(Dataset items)
BEGIN
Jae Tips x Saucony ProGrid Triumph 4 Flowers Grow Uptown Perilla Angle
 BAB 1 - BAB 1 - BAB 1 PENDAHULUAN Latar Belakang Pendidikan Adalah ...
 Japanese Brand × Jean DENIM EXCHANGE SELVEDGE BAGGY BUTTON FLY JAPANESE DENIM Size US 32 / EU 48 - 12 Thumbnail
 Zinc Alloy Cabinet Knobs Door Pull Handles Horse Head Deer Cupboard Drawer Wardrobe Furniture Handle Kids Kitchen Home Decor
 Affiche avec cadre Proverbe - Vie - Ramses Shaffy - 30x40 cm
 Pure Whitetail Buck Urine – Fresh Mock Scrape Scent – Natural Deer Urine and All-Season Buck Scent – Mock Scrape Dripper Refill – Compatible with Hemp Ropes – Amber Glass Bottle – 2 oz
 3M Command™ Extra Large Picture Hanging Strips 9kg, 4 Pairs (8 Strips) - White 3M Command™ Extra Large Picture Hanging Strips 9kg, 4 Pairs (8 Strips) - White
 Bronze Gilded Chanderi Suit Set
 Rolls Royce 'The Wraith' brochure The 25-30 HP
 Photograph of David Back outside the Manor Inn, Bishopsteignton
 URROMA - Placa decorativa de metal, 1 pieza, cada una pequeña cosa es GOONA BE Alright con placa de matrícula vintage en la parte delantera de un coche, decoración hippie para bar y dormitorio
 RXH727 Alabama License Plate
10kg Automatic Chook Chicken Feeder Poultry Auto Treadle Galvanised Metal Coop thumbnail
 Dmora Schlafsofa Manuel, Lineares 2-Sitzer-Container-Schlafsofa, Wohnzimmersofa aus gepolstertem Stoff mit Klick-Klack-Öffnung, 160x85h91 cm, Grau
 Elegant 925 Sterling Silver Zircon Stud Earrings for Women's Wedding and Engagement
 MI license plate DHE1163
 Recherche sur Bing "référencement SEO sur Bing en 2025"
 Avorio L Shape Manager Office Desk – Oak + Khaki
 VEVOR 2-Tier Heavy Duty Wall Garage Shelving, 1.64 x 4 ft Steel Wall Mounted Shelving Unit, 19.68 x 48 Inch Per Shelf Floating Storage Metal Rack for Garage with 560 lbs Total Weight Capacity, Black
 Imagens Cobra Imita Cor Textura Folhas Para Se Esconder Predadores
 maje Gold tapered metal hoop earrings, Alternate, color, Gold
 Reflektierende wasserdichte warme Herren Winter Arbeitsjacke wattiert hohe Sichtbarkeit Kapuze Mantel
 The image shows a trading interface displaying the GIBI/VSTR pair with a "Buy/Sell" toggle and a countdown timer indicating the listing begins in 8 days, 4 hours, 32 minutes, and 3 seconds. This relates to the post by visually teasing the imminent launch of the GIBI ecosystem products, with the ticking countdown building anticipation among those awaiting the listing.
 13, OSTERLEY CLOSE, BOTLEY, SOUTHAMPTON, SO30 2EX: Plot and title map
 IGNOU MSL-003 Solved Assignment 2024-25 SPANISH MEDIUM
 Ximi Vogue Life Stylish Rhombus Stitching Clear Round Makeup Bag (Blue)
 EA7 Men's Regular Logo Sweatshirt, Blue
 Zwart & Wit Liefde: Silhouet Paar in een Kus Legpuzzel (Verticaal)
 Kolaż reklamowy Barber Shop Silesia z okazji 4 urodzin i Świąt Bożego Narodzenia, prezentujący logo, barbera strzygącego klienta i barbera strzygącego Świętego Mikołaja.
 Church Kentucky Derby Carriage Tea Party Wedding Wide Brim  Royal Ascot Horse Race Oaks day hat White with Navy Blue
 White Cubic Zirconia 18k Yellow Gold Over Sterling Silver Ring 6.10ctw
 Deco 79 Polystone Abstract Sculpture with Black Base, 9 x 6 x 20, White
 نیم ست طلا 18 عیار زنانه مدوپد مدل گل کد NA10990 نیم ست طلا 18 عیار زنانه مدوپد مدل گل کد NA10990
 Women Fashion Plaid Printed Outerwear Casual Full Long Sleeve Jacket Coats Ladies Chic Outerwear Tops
END
## Your objective
Both the first line of the records above and the line containing "Bronze Gilded Chanderi Suit Set" are to be transcribed exactly, together with every line between them, and nothing else.

## Output below
Jae Tips x Saucony ProGrid Triumph 4 Flowers Grow Uptown Perilla Angle
 BAB 1 - BAB 1 - BAB 1 PENDAHULUAN Latar Belakang Pendidikan Adalah ...
 Japanese Brand × Jean DENIM EXCHANGE SELVEDGE BAGGY BUTTON FLY JAPANESE DENIM Size US 32 / EU 48 - 12 Thumbnail
 Zinc Alloy Cabinet Knobs Door Pull Handles Horse Head Deer Cupboard Drawer Wardrobe Furniture Handle Kids Kitchen Home Decor
 Affiche avec cadre Proverbe - Vie - Ramses Shaffy - 30x40 cm
 Pure Whitetail Buck Urine – Fresh Mock Scrape Scent – Natural Deer Urine and All-Season Buck Scent – Mock Scrape Dripper Refill – Compatible with Hemp Ropes – Amber Glass Bottle – 2 oz
 3M Command™ Extra Large Picture Hanging Strips 9kg, 4 Pairs (8 Strips) - White 3M Command™ Extra Large Picture Hanging Strips 9kg, 4 Pairs (8 Strips) - White
 Bronze Gilded Chanderi Suit Set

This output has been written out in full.